Data for review Block Start

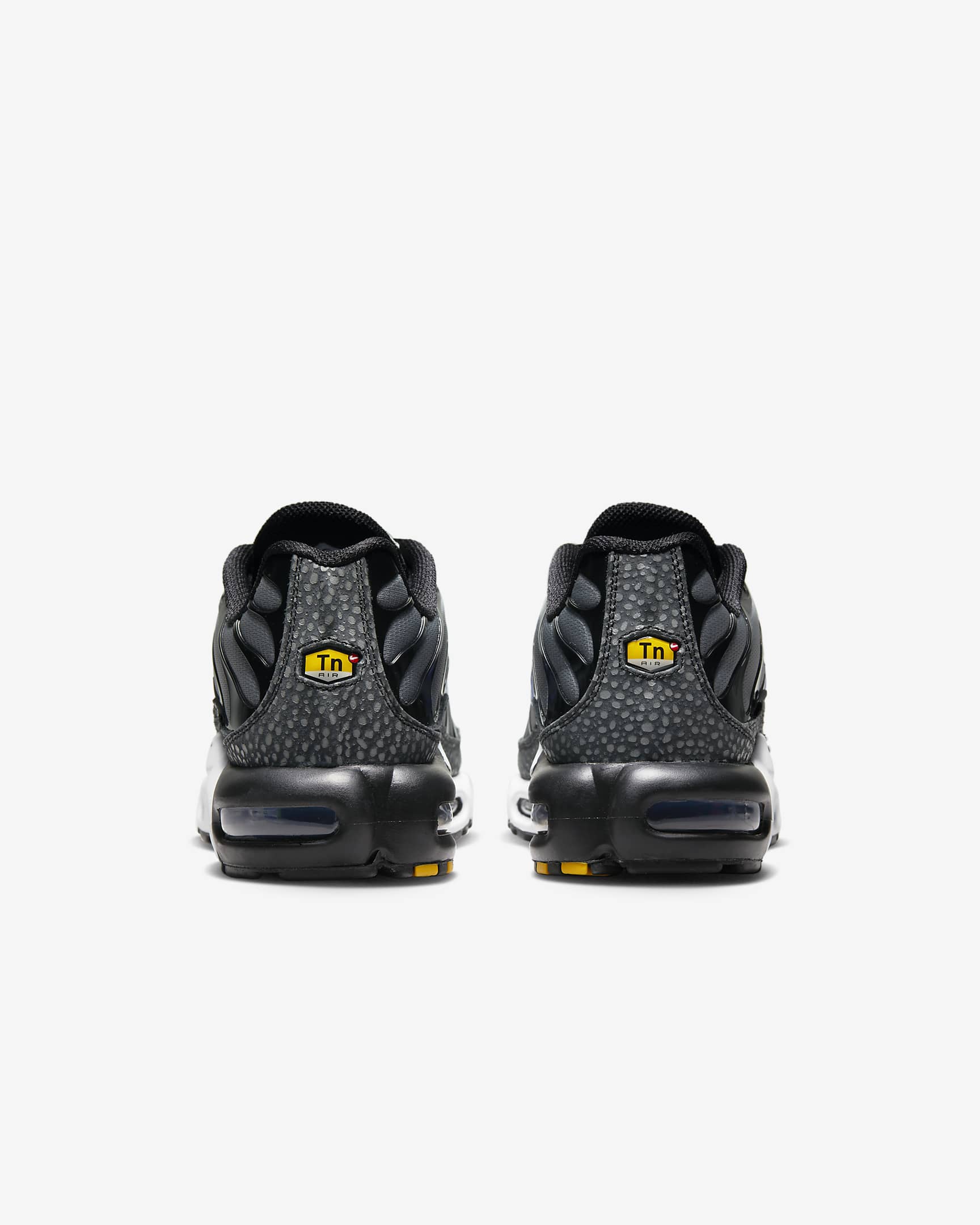 nike gray cleats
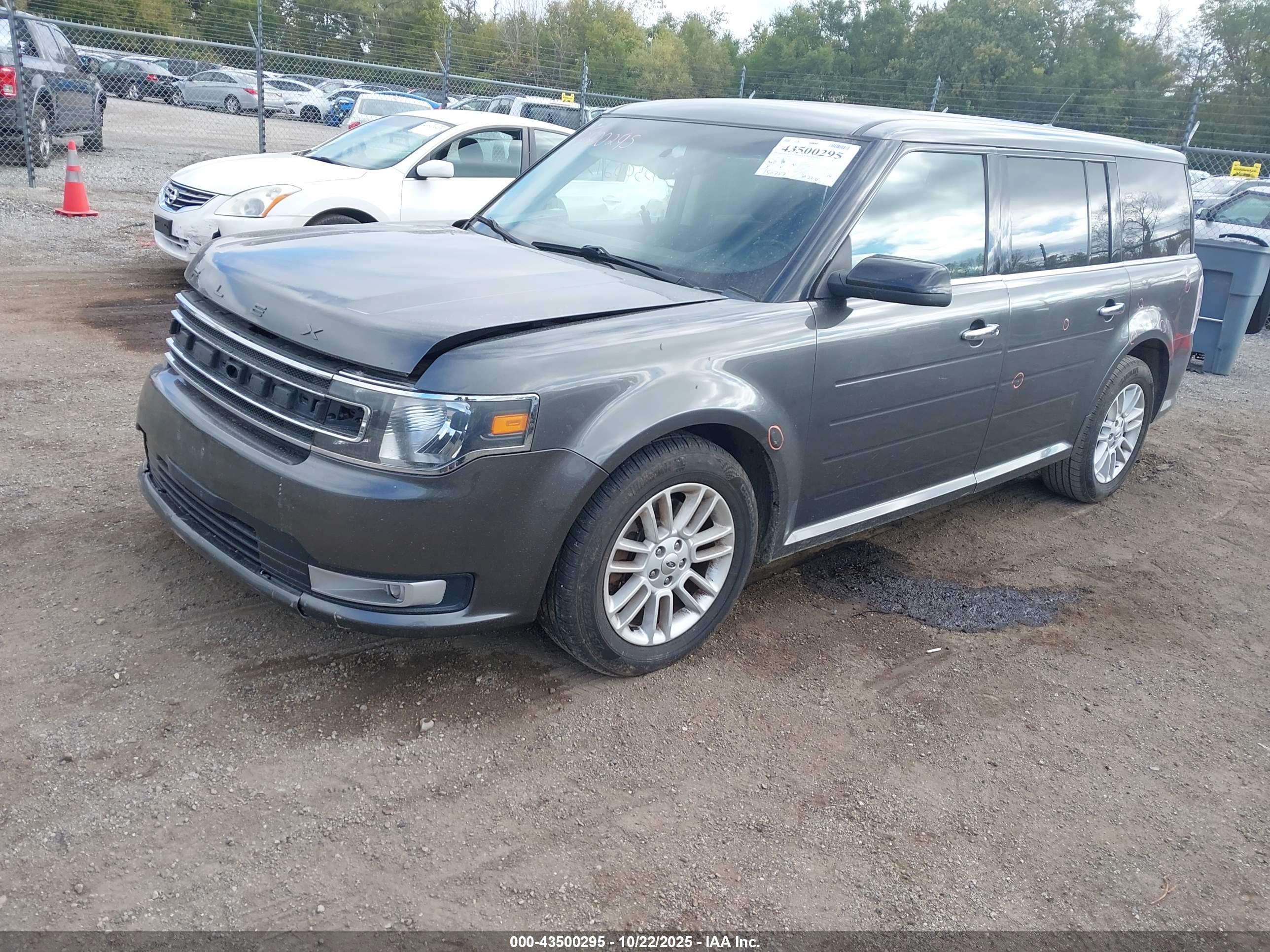 FORD FLEX image 2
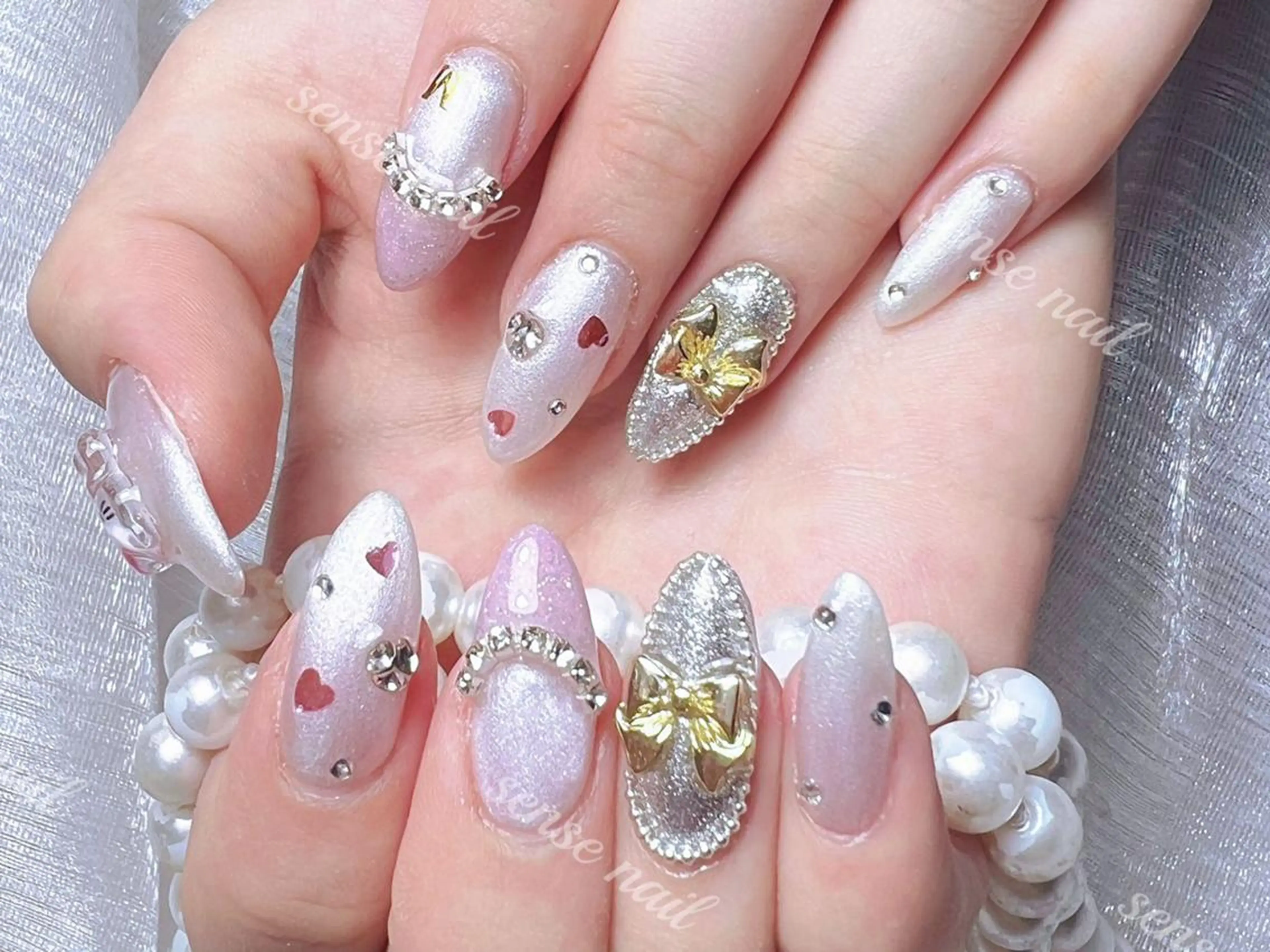 ネイル Queening 🦋のネイルデザイン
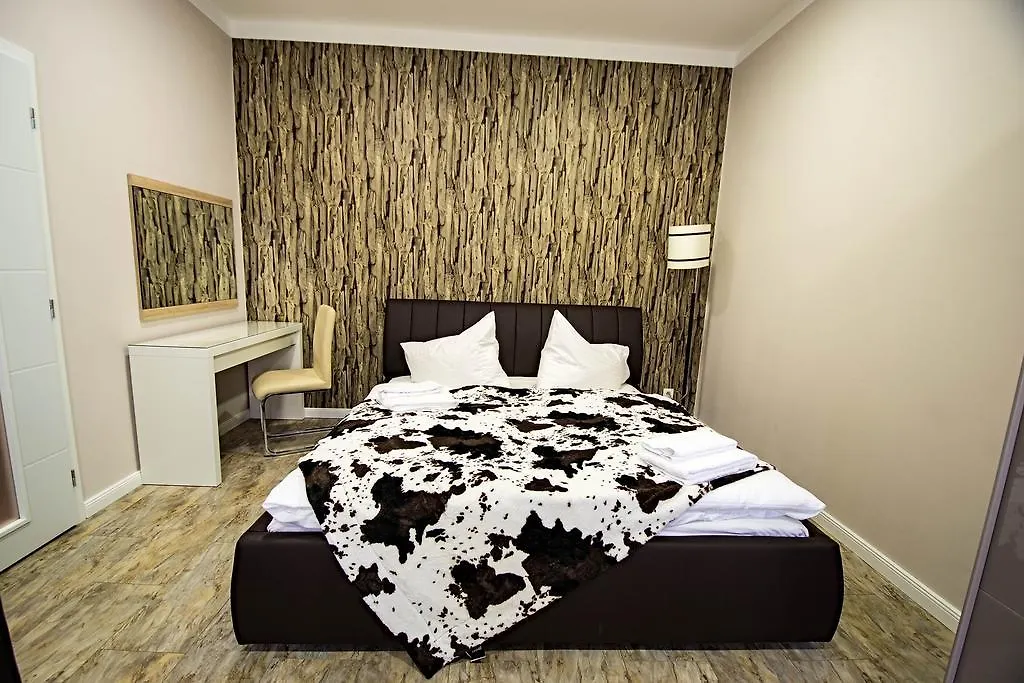 Ruterra By Golden Lady'S 3Bdr Loft Apartment Prague Czech Republic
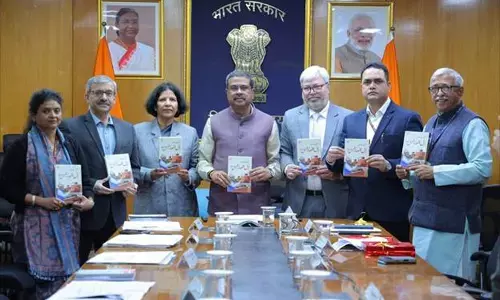 धर्मेंद्र प्रधान ने पीएम मोदी के लाल किले से दिए गए संबोधनों के उर्दू संकलन का किया विमोचन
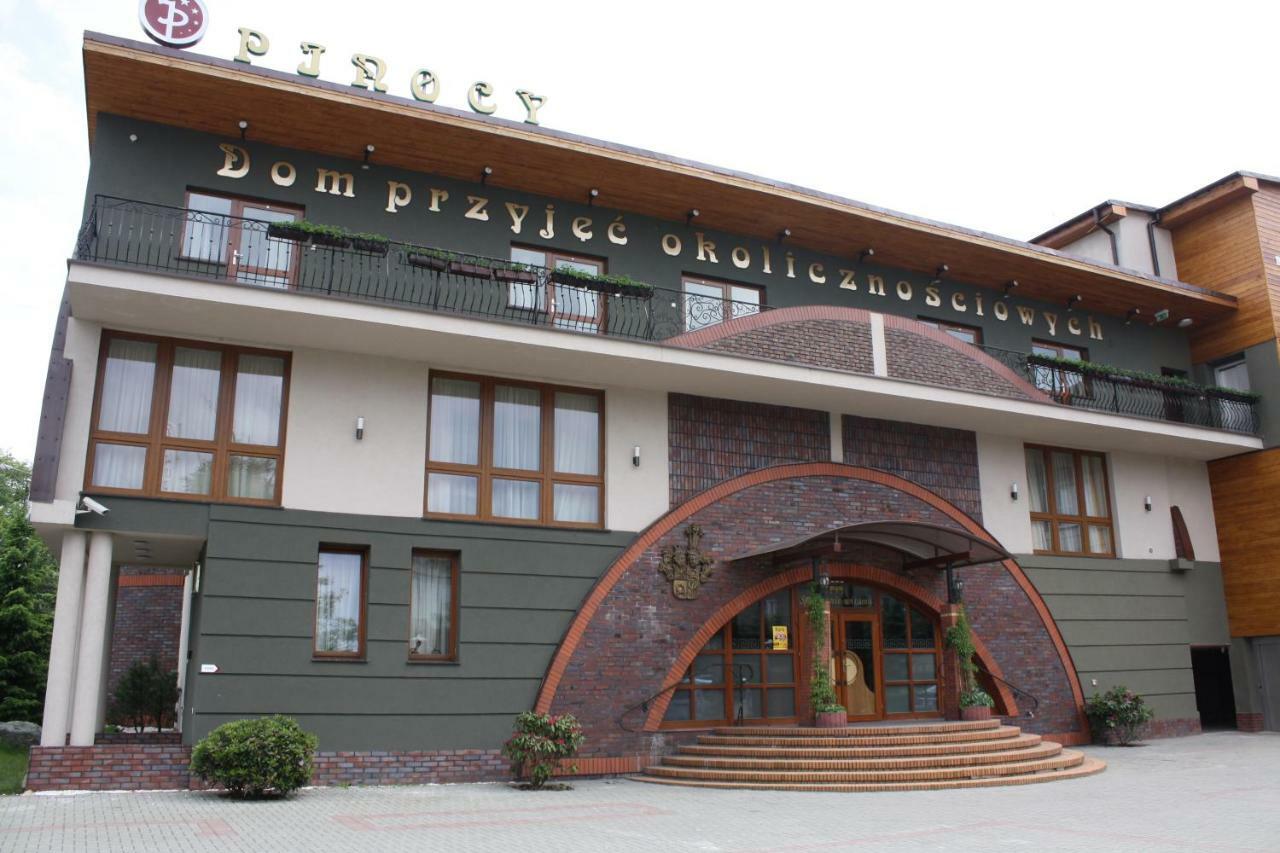 Hotel Pinocy Ledziny Ngoại thất bức ảnh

Data for review Block End

Work task: Without the pictures, transcribe the lines from the one containing "Ruterra By Golden" through the end of the data, exactly and only those.

Task result:
 Ruterra By Golden Lady'S 3Bdr Loft Apartment Prague Czech Republic
 धर्मेंद्र प्रधान ने पीएम मोदी के लाल किले से दिए गए संबोधनों के उर्दू संकलन का किया विमोचन
 Hotel Pinocy Ledziny Ngoại thất bức ảnh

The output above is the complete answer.